We are just starting picnic/barbecue season out here which often means finding something to bring along for everyone to enjoy. And it can also mean finding something that keeps well – for a post-sports or all day event, you can’t have a bowl of mayo-filled salad or a creamy pie hanging around. Even if it stays completely safe the oil starts to bead on the dish and it looks kind of gross – deal breaker.


But just in time for Memorial Day, I re-discovered one of my favorite summer treats that is shelf stable, can be made and cleaned up within an hour, and is easy to pass around to a group. It’s going to be a shortcake kind of summer and I’m liking it already.


Do you remember the overly sweet and styrafoam like “shortcake cups” they sell in grocery stores? The ones that sort of look like angel food cake but taste like hydrogenated oil and feel like they’ve been shellacked with sugar? Yea, these are nothing like that. These shortcakes are substantial and can soak up a lot of juice while still holding their structure. They’re not really sweet and they easily split apart to sandwich whatever filling you have ready. And even when the filling is done, they are pretty tasty all on their own or with a little drizzle of honey, like a biscuit. They are in fact, not unlike a biscuit. Mix dry goods, cut in butter, add liquids – is pretty much the recipe for good Southern biscuit although the proportions in this shortcake are different.

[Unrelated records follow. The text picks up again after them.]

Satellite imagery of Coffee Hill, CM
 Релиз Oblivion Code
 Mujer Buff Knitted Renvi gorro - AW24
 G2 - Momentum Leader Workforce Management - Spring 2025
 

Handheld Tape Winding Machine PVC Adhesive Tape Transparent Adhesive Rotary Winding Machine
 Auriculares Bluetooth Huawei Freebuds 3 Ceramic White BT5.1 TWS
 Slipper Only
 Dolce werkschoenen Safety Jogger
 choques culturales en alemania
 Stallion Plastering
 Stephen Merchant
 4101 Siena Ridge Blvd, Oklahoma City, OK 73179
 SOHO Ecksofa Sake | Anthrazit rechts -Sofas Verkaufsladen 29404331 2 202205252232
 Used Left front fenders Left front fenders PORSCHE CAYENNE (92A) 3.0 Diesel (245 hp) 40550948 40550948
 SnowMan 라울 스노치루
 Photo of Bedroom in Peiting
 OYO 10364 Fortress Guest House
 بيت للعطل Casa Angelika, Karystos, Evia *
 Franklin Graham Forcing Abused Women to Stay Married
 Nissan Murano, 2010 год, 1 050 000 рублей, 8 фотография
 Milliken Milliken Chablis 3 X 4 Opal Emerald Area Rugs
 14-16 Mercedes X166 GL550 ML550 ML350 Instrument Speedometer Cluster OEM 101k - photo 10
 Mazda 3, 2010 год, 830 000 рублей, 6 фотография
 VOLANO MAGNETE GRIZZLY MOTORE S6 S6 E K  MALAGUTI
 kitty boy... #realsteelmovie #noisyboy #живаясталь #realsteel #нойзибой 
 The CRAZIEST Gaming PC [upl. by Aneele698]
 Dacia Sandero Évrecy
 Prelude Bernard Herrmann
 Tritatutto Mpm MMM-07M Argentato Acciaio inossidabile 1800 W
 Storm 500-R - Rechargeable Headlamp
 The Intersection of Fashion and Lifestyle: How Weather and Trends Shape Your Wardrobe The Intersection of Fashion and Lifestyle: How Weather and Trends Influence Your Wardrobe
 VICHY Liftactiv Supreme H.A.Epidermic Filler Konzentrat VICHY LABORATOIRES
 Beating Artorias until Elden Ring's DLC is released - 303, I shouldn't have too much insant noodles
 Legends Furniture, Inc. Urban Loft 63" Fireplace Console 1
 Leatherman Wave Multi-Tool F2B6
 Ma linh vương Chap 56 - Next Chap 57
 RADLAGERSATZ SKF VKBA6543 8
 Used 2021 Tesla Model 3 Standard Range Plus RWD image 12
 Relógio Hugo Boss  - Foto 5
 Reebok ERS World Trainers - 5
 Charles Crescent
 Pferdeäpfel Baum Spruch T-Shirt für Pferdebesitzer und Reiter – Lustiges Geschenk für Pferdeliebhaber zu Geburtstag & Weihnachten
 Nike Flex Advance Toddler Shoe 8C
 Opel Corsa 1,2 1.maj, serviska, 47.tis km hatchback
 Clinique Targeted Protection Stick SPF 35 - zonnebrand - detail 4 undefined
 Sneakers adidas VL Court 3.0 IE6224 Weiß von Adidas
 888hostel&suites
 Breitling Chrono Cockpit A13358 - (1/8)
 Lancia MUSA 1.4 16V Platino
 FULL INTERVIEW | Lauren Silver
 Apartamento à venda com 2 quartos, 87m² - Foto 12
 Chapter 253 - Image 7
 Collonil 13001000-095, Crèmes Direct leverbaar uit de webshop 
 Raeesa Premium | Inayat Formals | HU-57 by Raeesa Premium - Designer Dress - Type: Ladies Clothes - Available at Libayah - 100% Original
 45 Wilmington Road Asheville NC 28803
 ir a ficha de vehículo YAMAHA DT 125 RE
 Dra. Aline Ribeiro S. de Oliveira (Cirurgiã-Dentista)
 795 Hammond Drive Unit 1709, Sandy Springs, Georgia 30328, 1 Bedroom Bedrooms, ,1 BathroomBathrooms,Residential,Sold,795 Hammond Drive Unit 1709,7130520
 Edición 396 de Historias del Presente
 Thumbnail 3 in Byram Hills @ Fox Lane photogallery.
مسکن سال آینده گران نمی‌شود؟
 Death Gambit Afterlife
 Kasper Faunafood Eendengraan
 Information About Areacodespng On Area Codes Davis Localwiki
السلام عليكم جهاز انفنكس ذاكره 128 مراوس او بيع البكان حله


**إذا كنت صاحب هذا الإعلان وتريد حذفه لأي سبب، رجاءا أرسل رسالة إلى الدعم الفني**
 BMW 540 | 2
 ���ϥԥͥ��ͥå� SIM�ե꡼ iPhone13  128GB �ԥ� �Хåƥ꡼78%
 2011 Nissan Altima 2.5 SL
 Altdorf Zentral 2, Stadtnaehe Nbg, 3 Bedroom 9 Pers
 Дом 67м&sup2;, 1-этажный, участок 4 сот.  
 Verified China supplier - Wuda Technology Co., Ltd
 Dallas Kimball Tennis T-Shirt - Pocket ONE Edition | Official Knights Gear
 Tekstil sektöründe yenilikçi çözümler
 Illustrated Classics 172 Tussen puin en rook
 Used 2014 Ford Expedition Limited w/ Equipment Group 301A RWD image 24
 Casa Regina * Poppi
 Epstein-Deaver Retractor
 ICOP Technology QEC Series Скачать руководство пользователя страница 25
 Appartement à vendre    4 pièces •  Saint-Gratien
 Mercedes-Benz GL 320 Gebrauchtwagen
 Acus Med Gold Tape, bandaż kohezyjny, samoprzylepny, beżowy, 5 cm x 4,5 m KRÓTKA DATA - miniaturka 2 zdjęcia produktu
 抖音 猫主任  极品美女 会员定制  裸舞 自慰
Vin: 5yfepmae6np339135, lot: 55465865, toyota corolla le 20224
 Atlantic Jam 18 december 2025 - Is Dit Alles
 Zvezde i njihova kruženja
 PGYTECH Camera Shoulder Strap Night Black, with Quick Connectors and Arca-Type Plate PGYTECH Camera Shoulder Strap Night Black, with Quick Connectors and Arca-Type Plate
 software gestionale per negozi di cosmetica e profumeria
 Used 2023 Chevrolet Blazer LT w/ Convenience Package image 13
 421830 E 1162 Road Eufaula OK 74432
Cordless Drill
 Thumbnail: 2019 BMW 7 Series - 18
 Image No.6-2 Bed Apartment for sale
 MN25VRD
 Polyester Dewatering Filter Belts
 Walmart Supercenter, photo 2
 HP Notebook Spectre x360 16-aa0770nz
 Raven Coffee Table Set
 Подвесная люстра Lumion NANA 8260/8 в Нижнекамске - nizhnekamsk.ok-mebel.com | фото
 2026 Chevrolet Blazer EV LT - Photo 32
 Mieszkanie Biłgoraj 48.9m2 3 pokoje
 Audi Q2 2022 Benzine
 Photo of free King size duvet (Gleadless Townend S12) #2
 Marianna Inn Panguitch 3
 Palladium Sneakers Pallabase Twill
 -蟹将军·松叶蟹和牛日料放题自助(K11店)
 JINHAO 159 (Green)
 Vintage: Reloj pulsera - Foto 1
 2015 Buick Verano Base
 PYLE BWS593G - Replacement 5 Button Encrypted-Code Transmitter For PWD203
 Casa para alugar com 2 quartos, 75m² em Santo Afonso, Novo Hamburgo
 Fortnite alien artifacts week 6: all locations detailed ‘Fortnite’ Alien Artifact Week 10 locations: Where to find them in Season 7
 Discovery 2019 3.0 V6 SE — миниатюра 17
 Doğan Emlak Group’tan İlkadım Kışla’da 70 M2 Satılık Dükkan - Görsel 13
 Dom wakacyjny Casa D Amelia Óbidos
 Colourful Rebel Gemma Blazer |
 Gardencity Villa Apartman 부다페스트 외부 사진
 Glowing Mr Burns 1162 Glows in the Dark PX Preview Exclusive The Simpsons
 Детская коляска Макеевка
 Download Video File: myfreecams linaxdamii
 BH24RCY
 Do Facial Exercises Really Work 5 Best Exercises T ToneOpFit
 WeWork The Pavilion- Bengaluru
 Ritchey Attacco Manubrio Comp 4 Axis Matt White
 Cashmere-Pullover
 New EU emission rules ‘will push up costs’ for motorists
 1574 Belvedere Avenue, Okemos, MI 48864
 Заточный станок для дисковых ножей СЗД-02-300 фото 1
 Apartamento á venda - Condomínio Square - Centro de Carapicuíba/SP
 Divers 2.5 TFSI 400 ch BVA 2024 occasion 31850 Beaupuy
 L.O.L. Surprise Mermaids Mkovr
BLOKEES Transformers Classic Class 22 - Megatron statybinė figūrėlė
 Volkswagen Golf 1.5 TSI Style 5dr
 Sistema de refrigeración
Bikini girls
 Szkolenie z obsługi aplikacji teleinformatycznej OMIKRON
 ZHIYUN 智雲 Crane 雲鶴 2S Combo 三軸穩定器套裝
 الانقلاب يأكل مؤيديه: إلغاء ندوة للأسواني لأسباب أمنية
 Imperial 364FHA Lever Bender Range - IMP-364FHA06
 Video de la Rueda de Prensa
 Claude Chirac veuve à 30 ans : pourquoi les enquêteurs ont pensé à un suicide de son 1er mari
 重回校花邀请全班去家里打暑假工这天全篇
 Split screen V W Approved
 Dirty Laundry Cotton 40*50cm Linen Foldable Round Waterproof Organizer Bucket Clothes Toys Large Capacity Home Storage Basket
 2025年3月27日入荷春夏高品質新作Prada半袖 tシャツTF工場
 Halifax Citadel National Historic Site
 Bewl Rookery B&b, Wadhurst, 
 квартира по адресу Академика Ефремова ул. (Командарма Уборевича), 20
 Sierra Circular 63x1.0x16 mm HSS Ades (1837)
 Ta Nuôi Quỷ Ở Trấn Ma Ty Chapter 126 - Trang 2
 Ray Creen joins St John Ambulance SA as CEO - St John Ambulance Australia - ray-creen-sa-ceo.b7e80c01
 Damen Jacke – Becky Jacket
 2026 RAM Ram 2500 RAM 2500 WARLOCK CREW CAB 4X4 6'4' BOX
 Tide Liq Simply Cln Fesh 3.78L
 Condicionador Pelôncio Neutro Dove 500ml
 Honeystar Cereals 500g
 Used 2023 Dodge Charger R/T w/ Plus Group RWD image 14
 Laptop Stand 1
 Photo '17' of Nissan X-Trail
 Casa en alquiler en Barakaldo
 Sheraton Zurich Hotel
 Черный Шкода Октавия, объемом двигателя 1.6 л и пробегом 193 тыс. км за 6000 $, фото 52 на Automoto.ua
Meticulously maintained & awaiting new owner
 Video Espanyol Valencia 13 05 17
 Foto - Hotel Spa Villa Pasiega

When making shortcakes (or biscuits for that matter) it’s really important to use cold butter. Just as in pie dough, the crumbles of butter are what makes the final product flakey. The heat of the oven melts those pea-sized pieces of butter, creating little air pockets layered throughout the dough and a final shortcake that feels flakey (like a good pastry) rather than uniform (like a smooth cake). I’m not saying cake is bad, but it’s not what we’re looking for in this case. So make sure that butter is cold and that you don’t break it up too small when you work it into the dry goods.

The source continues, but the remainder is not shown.